There's an interesting piece on BBC News Online by John Rettie, the former BBC correspondent who broke the story of Khrushchev's Secret Speech, denouncing Stalin, to the 20th Congress of the Communist Party of the Soviet Union fifty years ago. It appears Rettie was fed the information by a KGB source, possibly on direct orders from Khrushchev.
For 10 days in February, Moscow's few Western correspondents had been covering the 20th Congress of the Soviet Communist Party, where "the cult of personality", a veiled reference to Stalin, was repeatedly denounced. But the night after the congress formally closed, the party's Central Committee building was humming with activity into the early hours, its windows ablaze with light. Why, we wondered, after the congress was over?And then the rumours began. Khrushchev, it was said, had made a shattering report to a secret session, openly denouncing Stalin by name as a murderer and torturer of party members. This was so traumatic that it is now said some delegates had heart attacks during the speech, and others committed suicide afterwards.

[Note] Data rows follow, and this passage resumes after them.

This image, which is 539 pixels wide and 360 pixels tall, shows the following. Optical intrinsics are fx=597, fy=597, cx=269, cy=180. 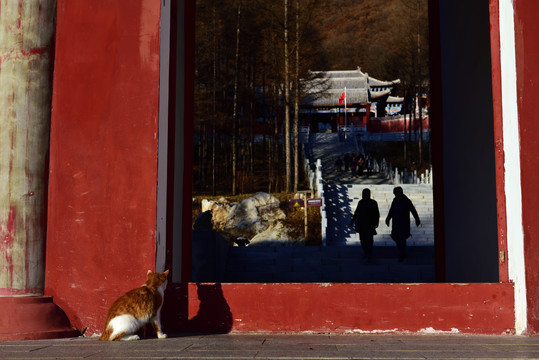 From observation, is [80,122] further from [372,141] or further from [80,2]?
[372,141]

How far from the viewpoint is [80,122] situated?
20.0ft

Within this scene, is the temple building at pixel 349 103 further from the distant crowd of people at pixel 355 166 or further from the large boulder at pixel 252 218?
the large boulder at pixel 252 218

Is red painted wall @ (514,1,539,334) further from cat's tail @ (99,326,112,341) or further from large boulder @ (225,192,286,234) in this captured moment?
large boulder @ (225,192,286,234)

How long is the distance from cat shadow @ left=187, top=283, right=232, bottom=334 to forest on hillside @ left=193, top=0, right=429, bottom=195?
74.8ft

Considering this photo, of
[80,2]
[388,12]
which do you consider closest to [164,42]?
[80,2]

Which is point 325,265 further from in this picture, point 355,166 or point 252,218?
point 355,166

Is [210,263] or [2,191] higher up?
[2,191]

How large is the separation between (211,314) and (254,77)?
33.4 metres

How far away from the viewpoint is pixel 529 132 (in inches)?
222

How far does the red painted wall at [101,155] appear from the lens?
585 cm

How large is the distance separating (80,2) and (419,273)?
8032mm

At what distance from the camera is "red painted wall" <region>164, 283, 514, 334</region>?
5539 mm

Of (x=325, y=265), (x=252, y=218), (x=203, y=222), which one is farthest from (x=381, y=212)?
(x=203, y=222)

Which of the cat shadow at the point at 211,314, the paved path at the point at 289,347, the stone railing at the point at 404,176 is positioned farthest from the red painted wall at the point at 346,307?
the stone railing at the point at 404,176
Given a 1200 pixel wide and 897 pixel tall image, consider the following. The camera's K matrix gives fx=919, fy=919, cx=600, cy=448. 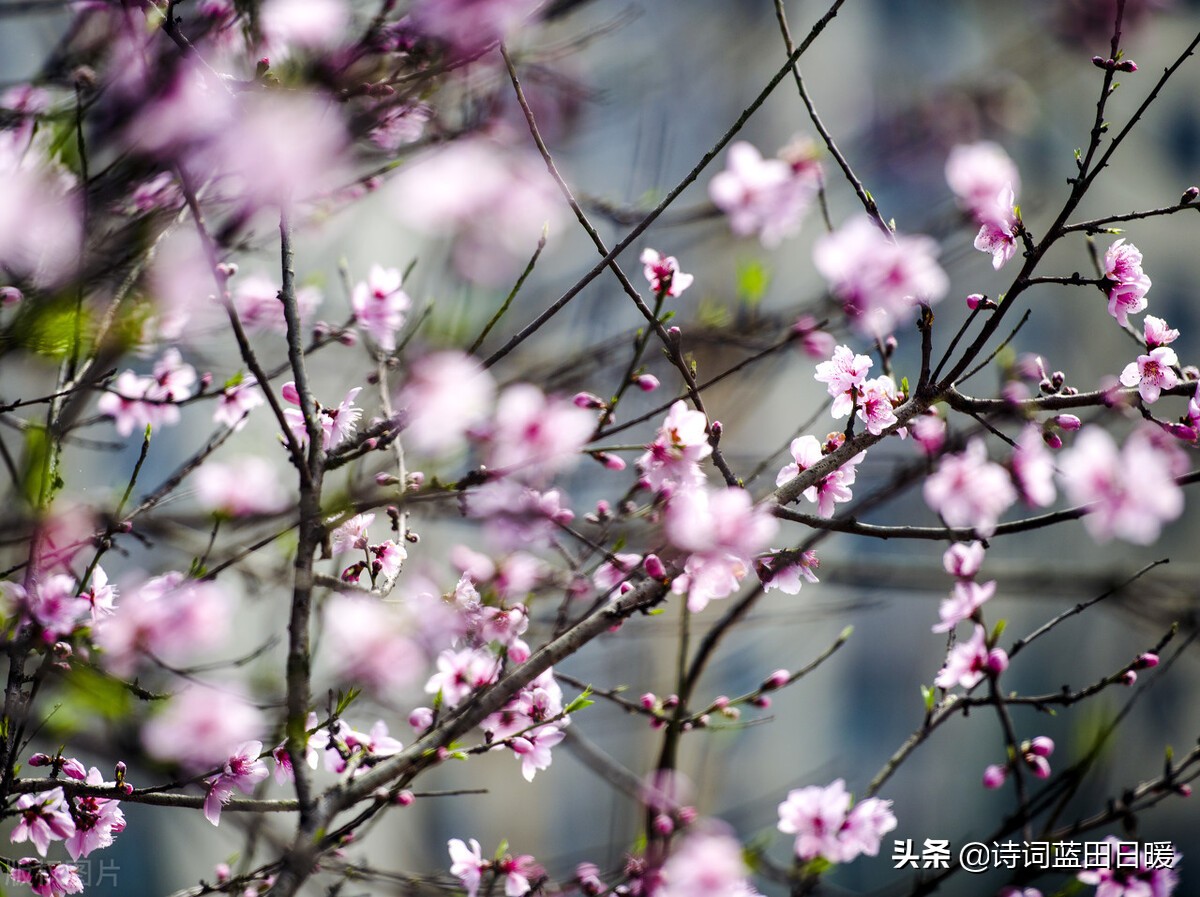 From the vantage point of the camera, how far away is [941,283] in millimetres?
1244

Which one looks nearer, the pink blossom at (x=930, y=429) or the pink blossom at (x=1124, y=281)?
the pink blossom at (x=930, y=429)

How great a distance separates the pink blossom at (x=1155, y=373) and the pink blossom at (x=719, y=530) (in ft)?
1.85

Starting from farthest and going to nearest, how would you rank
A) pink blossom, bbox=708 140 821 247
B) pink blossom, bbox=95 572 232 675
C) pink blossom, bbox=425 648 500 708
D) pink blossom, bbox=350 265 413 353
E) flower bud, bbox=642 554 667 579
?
pink blossom, bbox=708 140 821 247 → pink blossom, bbox=350 265 413 353 → pink blossom, bbox=425 648 500 708 → pink blossom, bbox=95 572 232 675 → flower bud, bbox=642 554 667 579

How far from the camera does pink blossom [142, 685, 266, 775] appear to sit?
4.02ft

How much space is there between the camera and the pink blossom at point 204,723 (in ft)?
4.02

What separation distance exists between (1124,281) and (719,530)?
0.78 metres

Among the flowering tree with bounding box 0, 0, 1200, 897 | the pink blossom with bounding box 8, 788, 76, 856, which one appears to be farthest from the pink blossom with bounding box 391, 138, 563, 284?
the pink blossom with bounding box 8, 788, 76, 856

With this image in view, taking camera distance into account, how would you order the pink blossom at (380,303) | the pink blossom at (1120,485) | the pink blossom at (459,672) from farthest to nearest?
the pink blossom at (380,303), the pink blossom at (459,672), the pink blossom at (1120,485)

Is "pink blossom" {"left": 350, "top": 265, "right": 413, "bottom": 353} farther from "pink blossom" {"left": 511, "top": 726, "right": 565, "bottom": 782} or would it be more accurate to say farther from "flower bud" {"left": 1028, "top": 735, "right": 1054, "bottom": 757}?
"flower bud" {"left": 1028, "top": 735, "right": 1054, "bottom": 757}

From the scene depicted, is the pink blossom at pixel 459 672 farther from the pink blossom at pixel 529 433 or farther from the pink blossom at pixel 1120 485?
the pink blossom at pixel 1120 485

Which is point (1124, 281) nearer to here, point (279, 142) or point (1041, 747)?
point (1041, 747)

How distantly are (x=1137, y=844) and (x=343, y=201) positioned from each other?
186cm

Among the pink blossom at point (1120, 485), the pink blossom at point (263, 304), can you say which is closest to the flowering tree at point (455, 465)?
the pink blossom at point (1120, 485)

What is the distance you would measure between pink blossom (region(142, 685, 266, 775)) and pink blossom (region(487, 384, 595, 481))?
48cm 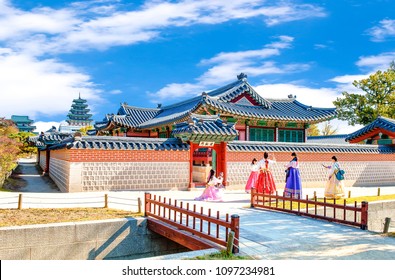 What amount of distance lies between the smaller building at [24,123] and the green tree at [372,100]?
259 feet

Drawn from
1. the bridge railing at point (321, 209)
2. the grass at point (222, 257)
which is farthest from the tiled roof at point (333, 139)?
the grass at point (222, 257)

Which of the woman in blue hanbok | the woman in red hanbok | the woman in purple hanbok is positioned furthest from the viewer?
the woman in blue hanbok

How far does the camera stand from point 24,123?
93.1 metres

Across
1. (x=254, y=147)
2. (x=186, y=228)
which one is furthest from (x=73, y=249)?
(x=254, y=147)

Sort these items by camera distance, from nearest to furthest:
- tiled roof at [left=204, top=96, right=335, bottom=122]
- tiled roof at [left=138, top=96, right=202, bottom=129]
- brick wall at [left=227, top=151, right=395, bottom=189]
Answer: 1. brick wall at [left=227, top=151, right=395, bottom=189]
2. tiled roof at [left=204, top=96, right=335, bottom=122]
3. tiled roof at [left=138, top=96, right=202, bottom=129]

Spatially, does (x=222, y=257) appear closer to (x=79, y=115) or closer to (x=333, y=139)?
(x=333, y=139)

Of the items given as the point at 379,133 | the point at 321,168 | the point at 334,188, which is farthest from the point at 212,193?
the point at 379,133

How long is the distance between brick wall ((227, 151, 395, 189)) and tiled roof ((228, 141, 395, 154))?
0.23 meters

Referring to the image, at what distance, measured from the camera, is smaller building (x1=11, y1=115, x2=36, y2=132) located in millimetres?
91938

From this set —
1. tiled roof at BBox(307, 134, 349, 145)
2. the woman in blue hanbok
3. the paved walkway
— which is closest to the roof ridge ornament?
the woman in blue hanbok

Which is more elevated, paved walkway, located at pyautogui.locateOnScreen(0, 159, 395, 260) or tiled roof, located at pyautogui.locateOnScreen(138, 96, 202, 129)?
tiled roof, located at pyautogui.locateOnScreen(138, 96, 202, 129)

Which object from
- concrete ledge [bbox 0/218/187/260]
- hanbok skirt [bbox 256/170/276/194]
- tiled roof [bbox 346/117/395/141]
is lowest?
concrete ledge [bbox 0/218/187/260]

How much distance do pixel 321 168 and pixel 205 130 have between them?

Rettie notes that the speech had immense influence in the Eastern European satellite states, while in the Soviet Union "the [post-Congress] thaw turned to deep freeze". In fact, it was worse than that. The liberalisation was largely - not entirely - in name alone. It could scarcely have been otherwise, because the problem with Soviet rule was not fundamentally one of arbitrary despotism (Stalinism being a variant of Leninism rather than an abnegation of it) so much as a society without law. Two years after the Secret Speech, new "Fundamental Principles of Criminal Law and Procedure" were enacted that had no practical impact whatever. The rule of law is alien to Communism; an independent judiciary can't exist in a society where the Party has a monopoly of power. Among Western Marxists there was in the 1980s a brief rediscovery of the work of Evgeny Pashukanis, a sophisticated Soviet legal theorist whose case demonstrates the point. Pashukanis argued that law under Socialism would be superseded by the Plan - as indeed it was in his case when he was murdered during the purges in the 1930s, according to Stalin's plan.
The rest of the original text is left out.